We joked at the irony of it — a conference on climate change where so much of the food offered was meat-heavy. (Other ironies abounded; the least of which, the carbon footprint of all those attendees, ourselves included, flying to Katowice). If we were to view ourselves as standard tourists to Poland, this would not have come as much of a surprise. The typical diet, from first breakfast to supper, includes meat as a mainstay. Search “traditional Polish food” on Google and the following immediately pops up:
- Pierogi: a type of dumpling most often filled with meat
- Bigos: a meat stew
- Zurek: a soup with chunks of kielbasa
- Cabbage roll: typically stuffed with ground beef or pork
Yet, we were not standard tourists. We, like the tens of thousands of other visitors to Katowice, were there as climate-change advocates. It seems that it should have only been logical to use the COP24 platform to promote a climate-positive diet.
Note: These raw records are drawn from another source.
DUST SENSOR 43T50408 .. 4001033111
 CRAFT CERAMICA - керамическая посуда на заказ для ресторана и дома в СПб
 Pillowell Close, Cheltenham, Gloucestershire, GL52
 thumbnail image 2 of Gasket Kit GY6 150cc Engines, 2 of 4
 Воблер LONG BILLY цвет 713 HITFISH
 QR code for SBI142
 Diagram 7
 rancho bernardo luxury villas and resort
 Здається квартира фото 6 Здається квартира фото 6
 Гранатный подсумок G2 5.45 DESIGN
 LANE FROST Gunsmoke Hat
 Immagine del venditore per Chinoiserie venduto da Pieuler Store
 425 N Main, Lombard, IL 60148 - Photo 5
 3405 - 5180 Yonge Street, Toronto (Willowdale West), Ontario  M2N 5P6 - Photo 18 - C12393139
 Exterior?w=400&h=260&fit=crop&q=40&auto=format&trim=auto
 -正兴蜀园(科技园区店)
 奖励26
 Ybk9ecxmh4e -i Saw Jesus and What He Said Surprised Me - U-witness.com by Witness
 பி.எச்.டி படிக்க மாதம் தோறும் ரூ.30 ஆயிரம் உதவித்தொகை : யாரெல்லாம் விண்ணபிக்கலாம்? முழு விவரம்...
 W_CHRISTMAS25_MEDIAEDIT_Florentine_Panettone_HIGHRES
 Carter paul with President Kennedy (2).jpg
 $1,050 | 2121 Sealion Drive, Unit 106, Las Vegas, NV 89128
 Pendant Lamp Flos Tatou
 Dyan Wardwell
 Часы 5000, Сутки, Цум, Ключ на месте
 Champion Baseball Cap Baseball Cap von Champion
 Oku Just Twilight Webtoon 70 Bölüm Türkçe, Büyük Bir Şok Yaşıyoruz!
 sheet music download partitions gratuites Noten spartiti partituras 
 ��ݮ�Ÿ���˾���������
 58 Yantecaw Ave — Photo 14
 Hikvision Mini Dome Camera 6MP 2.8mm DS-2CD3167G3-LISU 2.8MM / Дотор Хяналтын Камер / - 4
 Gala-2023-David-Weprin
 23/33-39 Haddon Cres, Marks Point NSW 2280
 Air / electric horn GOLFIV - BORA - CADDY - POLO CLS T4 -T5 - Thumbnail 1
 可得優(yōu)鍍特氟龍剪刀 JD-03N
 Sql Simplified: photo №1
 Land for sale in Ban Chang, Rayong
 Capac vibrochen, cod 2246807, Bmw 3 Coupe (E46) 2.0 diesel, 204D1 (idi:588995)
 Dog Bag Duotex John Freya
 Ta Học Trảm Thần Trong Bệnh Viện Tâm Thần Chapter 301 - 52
In October 2018 The Guardian reported that “huge reductions in meat-eating are essential to avoid dangerous climate change.” This recommendation comes directly from the latest IPCC Global Warming Special Report warning us that we have just 12 years to limit devastating climate change.
Why were we not heeding our own advice? At a meeting on the scale of COP, pushing more plant-based meal options should have been low-hanging fruit.
Later this month the EAT-Lancet Commission’s report on Healthy Diets from Sustainable Food systems will launch. A sister paper has already been published in the scientific journal Nature. Among other hard hitting figures, the paper reports that “GHG emissions cannot be sufficiently mitigated without dietary changes towards more plant-based diets” as “the production of animal products generates the majority of food-related GHG emissions (72-78% of total agricultural emissions).”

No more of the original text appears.